Personal information
- Native name: ודים אלכסייב
- National team: Soviet Union, Israel
- Born: April 11, 1970 (age 56) Almaty, Kazakh SSR, Soviet Union

Sport
- Sport: Swimming
- Strokes: breaststroke

= Vadim Alekseyev =

Soviet swimmer

Vadim Alekseyev (ודים אלכסייב, Вадим Алексеев; born April 11, 1970) is a retired Olympic breaststroke swimmer who competed for first the Soviet Union, then Israel. Alexeev was born in Almaty, Kazakh SSR, Soviet Union.

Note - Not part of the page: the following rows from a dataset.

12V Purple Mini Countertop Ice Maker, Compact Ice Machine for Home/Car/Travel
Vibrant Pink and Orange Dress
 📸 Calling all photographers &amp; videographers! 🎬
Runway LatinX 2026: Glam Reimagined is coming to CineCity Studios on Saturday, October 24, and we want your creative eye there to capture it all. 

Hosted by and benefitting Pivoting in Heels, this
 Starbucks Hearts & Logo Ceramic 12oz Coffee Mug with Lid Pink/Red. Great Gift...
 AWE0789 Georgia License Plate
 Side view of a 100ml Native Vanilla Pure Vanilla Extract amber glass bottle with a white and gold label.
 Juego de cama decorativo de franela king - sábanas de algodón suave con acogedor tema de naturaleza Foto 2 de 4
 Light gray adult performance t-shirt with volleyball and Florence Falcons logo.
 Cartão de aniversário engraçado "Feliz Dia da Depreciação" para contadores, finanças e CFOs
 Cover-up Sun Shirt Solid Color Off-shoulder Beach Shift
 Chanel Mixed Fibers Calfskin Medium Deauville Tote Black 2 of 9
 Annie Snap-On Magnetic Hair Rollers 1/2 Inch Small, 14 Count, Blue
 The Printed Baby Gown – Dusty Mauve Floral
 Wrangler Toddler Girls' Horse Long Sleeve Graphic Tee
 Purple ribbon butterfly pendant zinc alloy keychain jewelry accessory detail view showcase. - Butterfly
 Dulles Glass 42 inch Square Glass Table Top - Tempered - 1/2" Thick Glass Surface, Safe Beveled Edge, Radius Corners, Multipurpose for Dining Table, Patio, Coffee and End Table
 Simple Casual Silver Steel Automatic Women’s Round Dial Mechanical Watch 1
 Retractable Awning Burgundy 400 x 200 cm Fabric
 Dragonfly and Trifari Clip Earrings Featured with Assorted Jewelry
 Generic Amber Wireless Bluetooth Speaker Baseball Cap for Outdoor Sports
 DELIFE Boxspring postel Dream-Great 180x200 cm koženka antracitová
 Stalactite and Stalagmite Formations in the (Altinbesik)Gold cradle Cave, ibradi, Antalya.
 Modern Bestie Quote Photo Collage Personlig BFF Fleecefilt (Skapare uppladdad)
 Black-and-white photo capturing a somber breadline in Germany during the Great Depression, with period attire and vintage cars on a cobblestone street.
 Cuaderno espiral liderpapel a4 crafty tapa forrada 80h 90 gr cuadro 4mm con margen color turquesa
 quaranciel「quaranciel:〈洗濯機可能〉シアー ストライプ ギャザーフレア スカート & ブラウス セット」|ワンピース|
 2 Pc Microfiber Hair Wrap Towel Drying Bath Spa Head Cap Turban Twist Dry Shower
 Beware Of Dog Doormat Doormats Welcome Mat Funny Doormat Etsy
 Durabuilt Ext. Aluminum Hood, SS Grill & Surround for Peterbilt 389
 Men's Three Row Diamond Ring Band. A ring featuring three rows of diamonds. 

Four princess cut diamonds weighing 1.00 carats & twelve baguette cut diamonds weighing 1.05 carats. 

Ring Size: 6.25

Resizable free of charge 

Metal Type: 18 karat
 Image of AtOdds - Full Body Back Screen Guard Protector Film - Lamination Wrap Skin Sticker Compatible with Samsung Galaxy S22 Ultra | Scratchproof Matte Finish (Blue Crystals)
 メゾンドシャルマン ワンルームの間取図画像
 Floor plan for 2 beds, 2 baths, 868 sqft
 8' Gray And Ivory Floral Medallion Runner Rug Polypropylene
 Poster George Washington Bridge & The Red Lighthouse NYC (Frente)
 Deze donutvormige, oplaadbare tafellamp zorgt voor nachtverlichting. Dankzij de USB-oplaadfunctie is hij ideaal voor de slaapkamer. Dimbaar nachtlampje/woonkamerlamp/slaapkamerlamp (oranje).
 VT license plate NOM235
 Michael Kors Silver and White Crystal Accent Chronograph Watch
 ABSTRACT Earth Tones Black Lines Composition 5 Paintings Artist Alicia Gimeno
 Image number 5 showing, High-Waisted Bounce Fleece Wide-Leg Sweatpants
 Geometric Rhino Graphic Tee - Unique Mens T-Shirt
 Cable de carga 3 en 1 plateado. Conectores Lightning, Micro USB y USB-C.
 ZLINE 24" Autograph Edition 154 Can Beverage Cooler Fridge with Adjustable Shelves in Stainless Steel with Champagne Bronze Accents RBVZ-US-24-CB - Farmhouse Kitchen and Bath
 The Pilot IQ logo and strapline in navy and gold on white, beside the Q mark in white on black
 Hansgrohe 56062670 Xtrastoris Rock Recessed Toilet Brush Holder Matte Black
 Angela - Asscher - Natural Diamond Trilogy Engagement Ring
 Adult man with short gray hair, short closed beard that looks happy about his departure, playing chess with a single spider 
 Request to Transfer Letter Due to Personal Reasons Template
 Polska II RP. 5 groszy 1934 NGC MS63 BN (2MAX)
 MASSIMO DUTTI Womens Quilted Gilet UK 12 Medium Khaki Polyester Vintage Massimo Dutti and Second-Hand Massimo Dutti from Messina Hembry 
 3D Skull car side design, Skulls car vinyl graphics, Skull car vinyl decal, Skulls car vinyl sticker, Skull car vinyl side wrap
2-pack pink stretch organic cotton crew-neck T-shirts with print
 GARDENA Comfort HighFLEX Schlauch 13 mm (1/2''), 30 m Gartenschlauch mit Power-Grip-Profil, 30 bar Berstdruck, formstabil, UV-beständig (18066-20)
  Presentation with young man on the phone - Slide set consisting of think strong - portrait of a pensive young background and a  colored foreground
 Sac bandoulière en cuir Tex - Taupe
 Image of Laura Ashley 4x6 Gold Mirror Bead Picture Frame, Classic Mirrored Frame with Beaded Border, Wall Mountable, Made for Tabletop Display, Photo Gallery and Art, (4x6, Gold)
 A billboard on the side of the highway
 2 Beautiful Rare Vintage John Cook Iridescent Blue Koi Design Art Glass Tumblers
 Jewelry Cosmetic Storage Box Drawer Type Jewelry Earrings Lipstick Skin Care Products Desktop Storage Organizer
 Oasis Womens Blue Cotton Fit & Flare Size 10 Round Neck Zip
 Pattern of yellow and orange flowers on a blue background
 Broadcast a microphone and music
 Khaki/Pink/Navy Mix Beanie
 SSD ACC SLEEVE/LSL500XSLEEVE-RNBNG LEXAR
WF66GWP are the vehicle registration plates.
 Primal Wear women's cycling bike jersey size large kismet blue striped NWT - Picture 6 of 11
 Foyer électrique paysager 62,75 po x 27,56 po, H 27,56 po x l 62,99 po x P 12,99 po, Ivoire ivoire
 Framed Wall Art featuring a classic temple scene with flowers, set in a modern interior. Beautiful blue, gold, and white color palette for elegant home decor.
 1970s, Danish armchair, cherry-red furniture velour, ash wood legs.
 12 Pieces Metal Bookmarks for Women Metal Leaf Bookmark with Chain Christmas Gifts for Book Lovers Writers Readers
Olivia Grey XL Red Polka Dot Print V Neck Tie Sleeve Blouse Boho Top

He is Jewish and immigrated to Israel in 1992. He speaks Russian.

==Career==
Alekseyev held Soviet and Israeli records in the 1990s.

He won the 100-meter and 200-meter breaststroke races at the 1986 European Junior Championships.

At the 1988 Olympics in Seoul, he took sixth in the 200-meter breaststroke with a time of 2:16.7. In 1989 he set the Soviet record in the 100-meter breaststroke (1:02.11); it was the third-fastest time in the world that year. That year he was one of the two fastest swimmers in Europe. In 1990, he won a silver medal at the Goodwill Games in the 100-meter breastroke.

At the 1994 World Championship, he set the Israeli record in the 200-meter breaststroke (2:15.47). In 1995, he set the Israeli record in the 100-meter breaststroke (1:02.52).

At the 1996 Olympics in Atlanta, he swam for Israel. There, he swam the four-man 4x100 meter medley with Yoav Bruck, Eitan Urbach, and Dan Kutler. The team reached the final, taking eighth place.

At the 2008 Olympics in Beijing, Tom Be'eri beat Alekseyev's prior Israeli record in the men's 100-meter breaststroke by one-tenth of a second (at 1:02.42).